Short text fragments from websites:

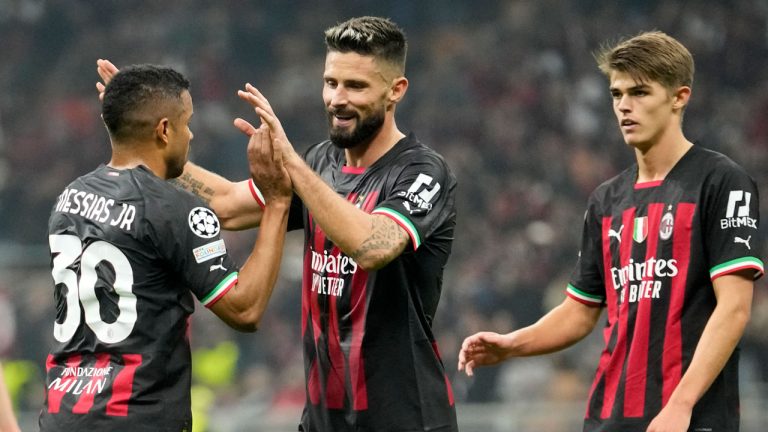 AC Milan's Junior Messias, left, celebrates with AC Milan's Olivier Giroud after scoring his side's fourth goal during the Champions League, Group E soccer match between AC Milan and FC Salzburg. (Luca Bruno/AP)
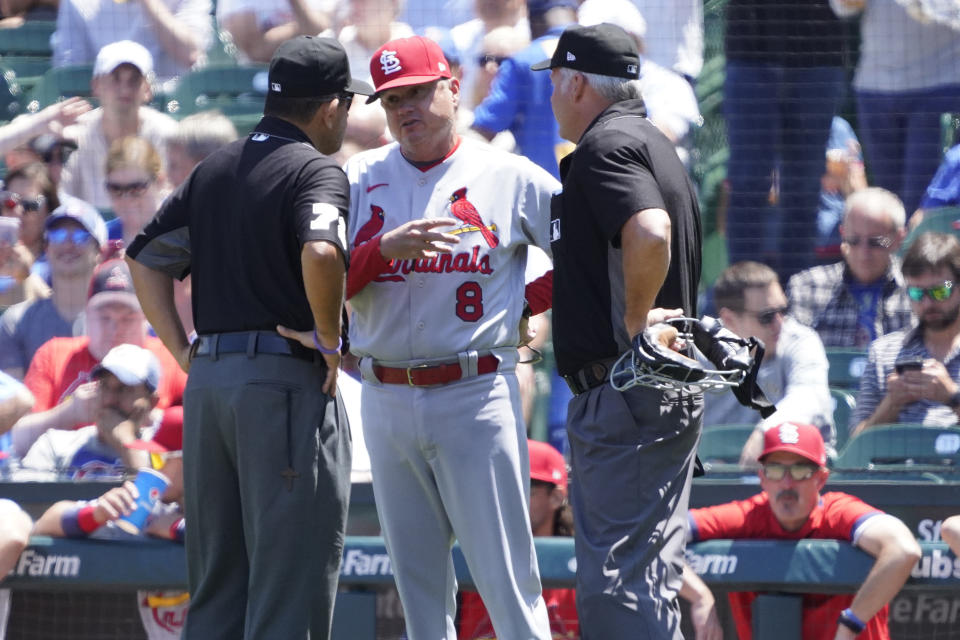 St. Louis Cardinals manager Mike Shildt (8) discusses a call with the umpires during the first inning of a baseball game against the Chicago Cubs, Friday, July 9, 2021, in Chicago. (AP Photo/David Banks)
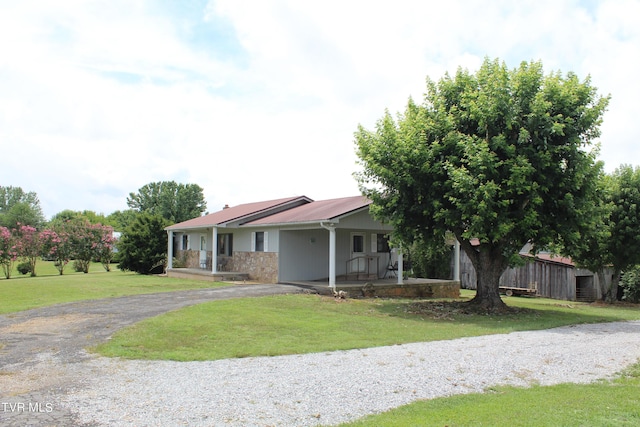 view of front of house with covered porch and a front yard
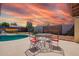 Relaxing pool area featuring comfortable seating and artistic mural creating a private oasis at 809 N 95Th St, Mesa, AZ 85207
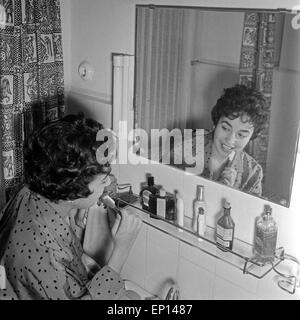 Deutsche e im Badezimmer vor dem Spiegel und putzt sich die Zähne, Deutschland 1950er Jahre. Deutsche, die in der Badewanne Stockfoto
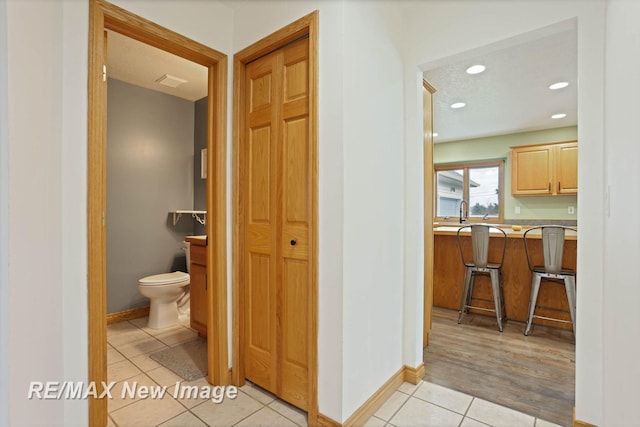 bathroom featuring toilet, tile patterned floors, and sink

# What is expected
Only the lines from the one containing "Relaxing pool area" through the last line of the entries belong in the answer, given again exactly. Images stay out.

# Reply to the exercise
 Relaxing pool area featuring comfortable seating and artistic mural creating a private oasis at 809 N 95Th St, Mesa, AZ 85207
 Deutsche e im Badezimmer vor dem Spiegel und putzt sich die Zähne, Deutschland 1950er Jahre. Deutsche, die in der Badewanne Stockfoto
 bathroom featuring toilet, tile patterned floors, and sink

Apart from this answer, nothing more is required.